Gabriel Nussbaum and Elizabeth Wood, left, met at the Hamptons International Film Festival in 2005.
Gabriel Nussbaum and Elizabeth Wood, left, met at the Hamptons International Film Festival in 2005.

    The Hamptons International Film Festival always provides a lively time for attendees and an intense creative atmosphere for filmmakers. With lots of chatter and endless parties to attend, it is surprising more filmmakers don’t fall in love.

    One couple that did in 2005, Gabriel Nussbaum and Elizabeth Wood, are back in East Hampton to show their respective short films, in his case “How It Ended” and in hers “Loft.” They have since been married, in Amagansett in 2009 at his parents’ house, and have started their own production company, Bank Street Films. His parents are Jeremy Nussbaum and Charline Spektor, who own the BookHampton chain of bookstores on the South Fork.

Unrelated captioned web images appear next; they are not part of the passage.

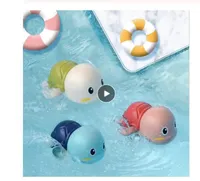 Sevimli Hava enflasyon oyuncak Kaplumbağa Bebek Banyo Komik Oyuncak Karikatür kaplumbağa Can Swim otomatik Klasik Çocuk Oyun Rüzgar-up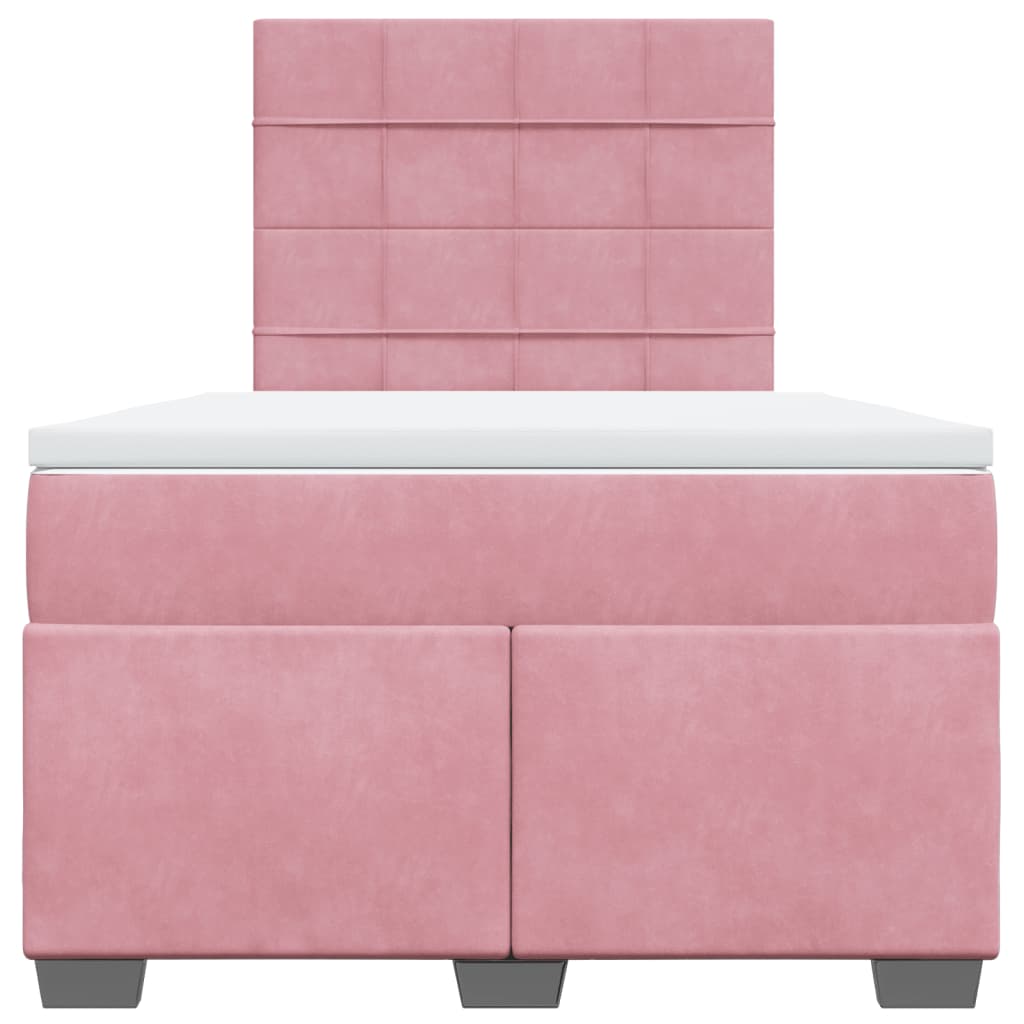 Giroletto a Molle con Materasso Rosa 120x200 cm in Velluto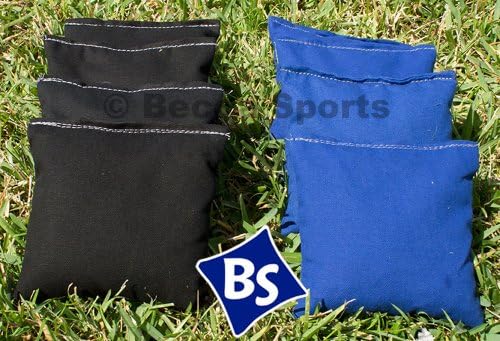 Weather Resistant Cornhole Bags Set - 4 Black & 4 Royal Blue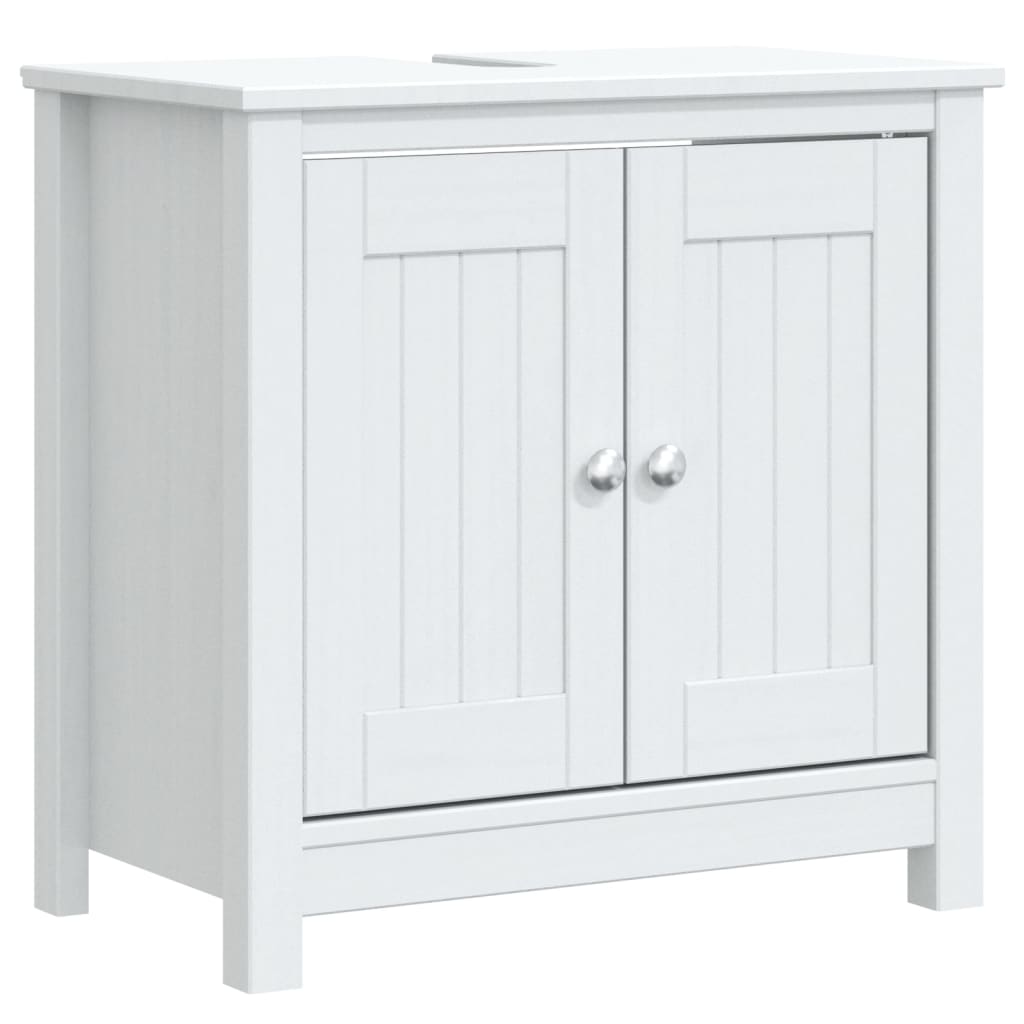 4 Piece Bathroom Furniture Set "BERG" White Solid Wood Pine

    In 2007, the couple produced a documentary together based on their work in New Orleans after Hurricane Katrina, “Wade in the Water Children.” The films here this year are rather different. Both feature somewhat intense psycho-sexual situations and have rather unusual denouements. Each is satisfyingly punchy in its delivery and economy of storytelling.

    Mr. Nussbaum’s is based on a James Salter short story and was filmed in his parents’ house and the American Hotel. A comfortable couple, whose female half is obviously very sick, invite a younger woman friend to dinner and take part in what is expected to be their final act as a couple. What appears to be a straightforward tear-jerker, however, comes with some rather tart plot twists.

    In “Loft,” Ms. Wood explores the distance that occurs between couples who seem to have everything going for them from the outside and the strange closeness that can occur between strangers. A beautiful apartment in a sketchy Brooklyn neighborhood takes a central role as what holds a couple together but could also be its undoing. The film is a treatment for a larger project and is intriguing enough to leave an audience wanting more.

    “Loft” will screen in East Hampton on Saturday at 10:45 p.m. and Monday at 8:45 p.m. “How It Ended,” which is part of the East End Shorts program, will be screened in East Hampton on Saturday at 10:30 a.m. and Monday at 6:30 p.m.